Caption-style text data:
===
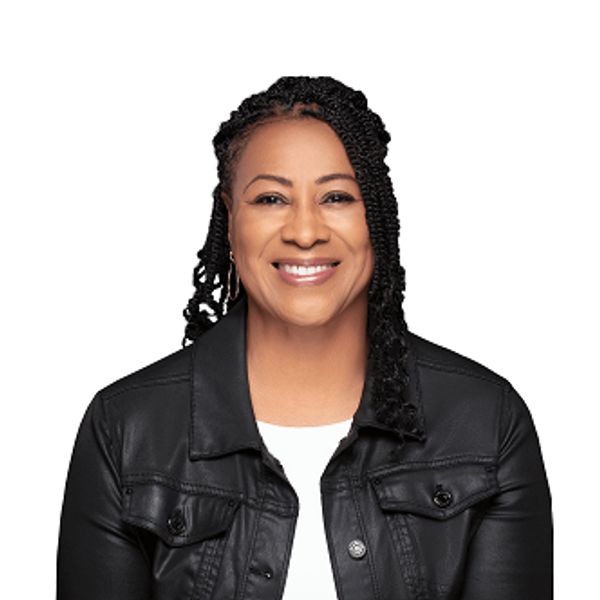 Smiling woman with braided hair in a black jacket on white background.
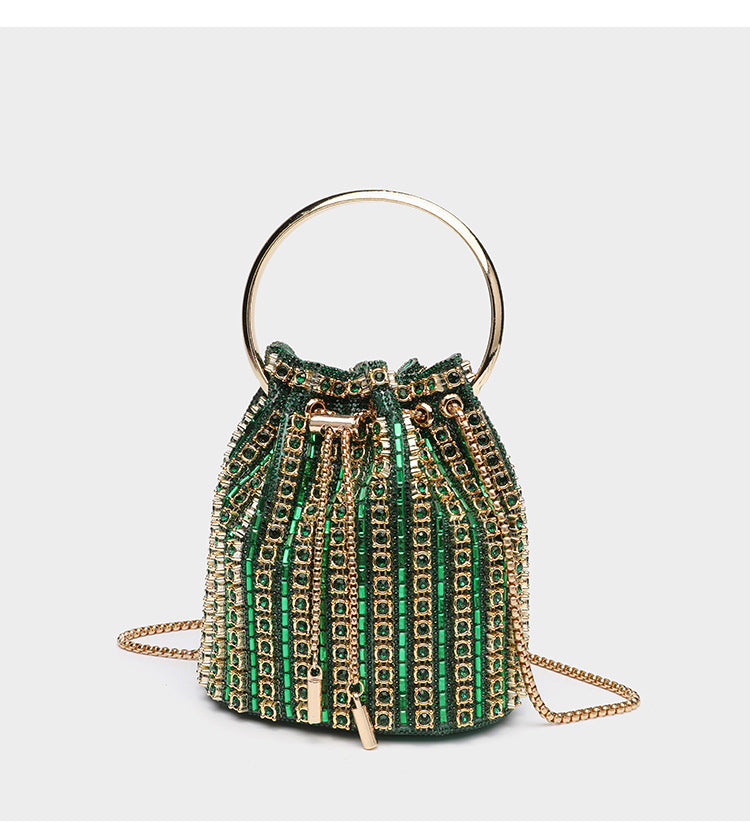 Mini crystal rhinestone bucket bag with circular ring top handle, drawstring closure, and silver chain shoulder strap, detail
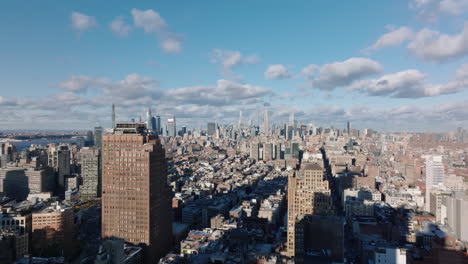 Aerial-panoramic-view-of-large-city-on-sunny-day.-Long-straight-street-among-tall-town-houses-and-skyline-with-skyscrapers.-Manhattan,-New-York-City,-USA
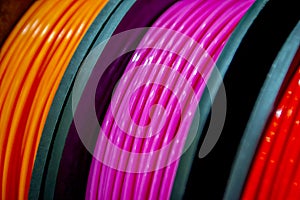 Multicolored filaments of plastic for printing on 3D printer close-up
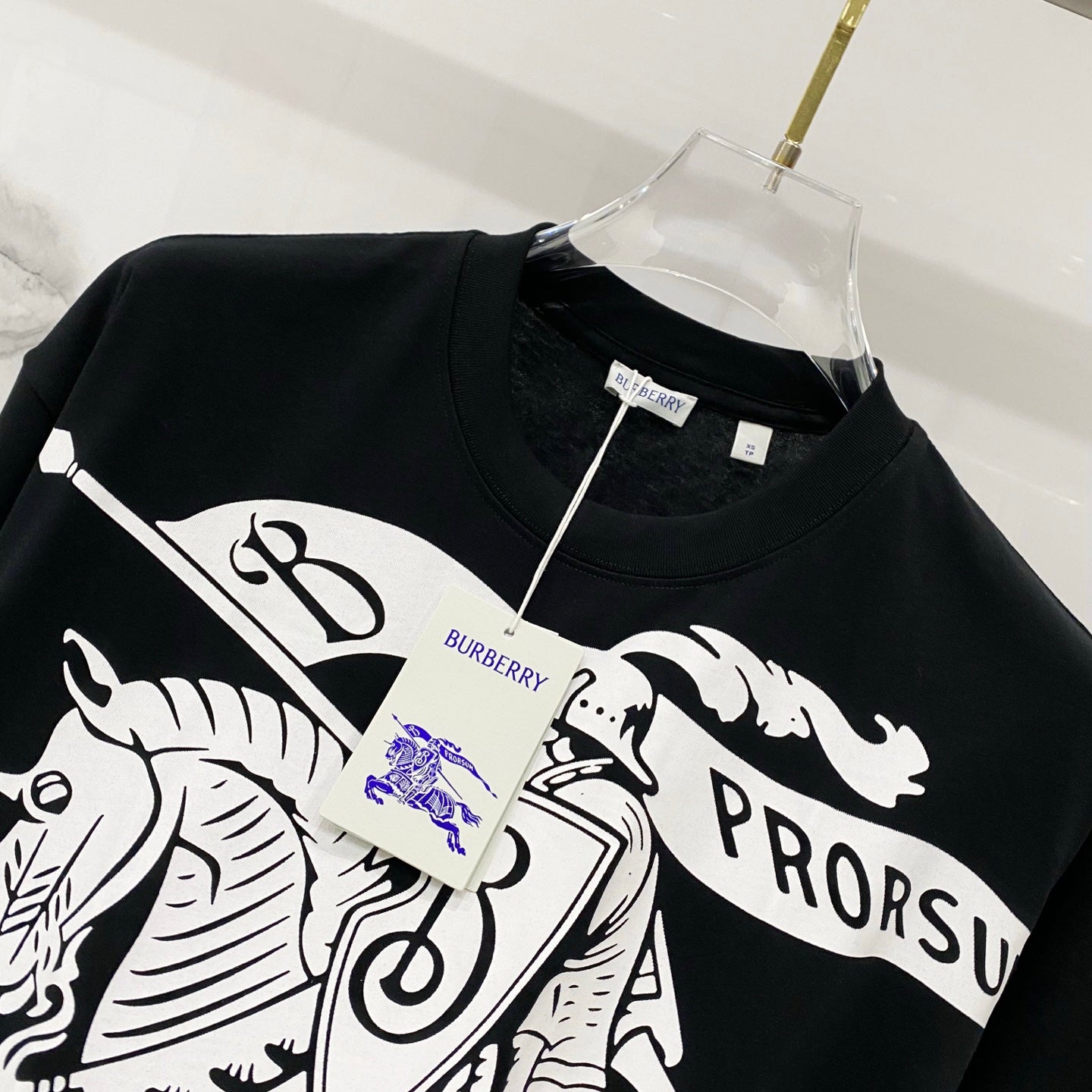 Black T-shirt with white horse-and-rider graphic and blue logo detail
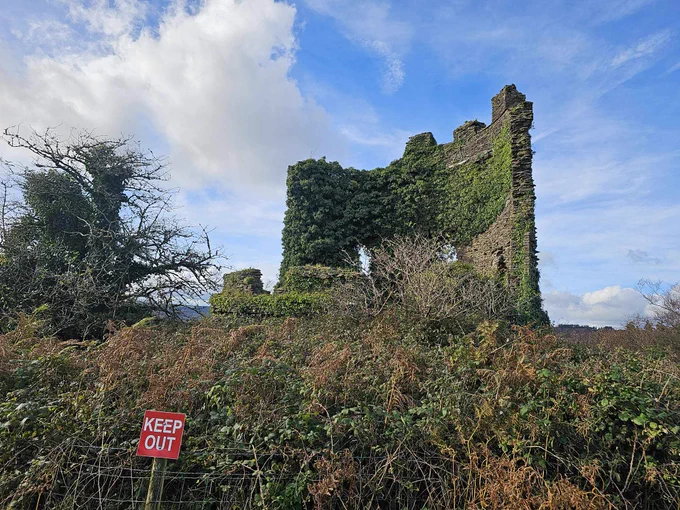 Ivy tower with a keep out sign in front.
===
Problem description | Each line from the one holding "Multicolored filaments of" through the final line of the data needs to be transcribed exactly. Include both ends, skip the pictures, and add nothing.

Final answer |
 Multicolored filaments of plastic for printing on 3D printer close-up
 Black T-shirt with white horse-and-rider graphic and blue logo detail
 Ivy tower with a keep out sign in front.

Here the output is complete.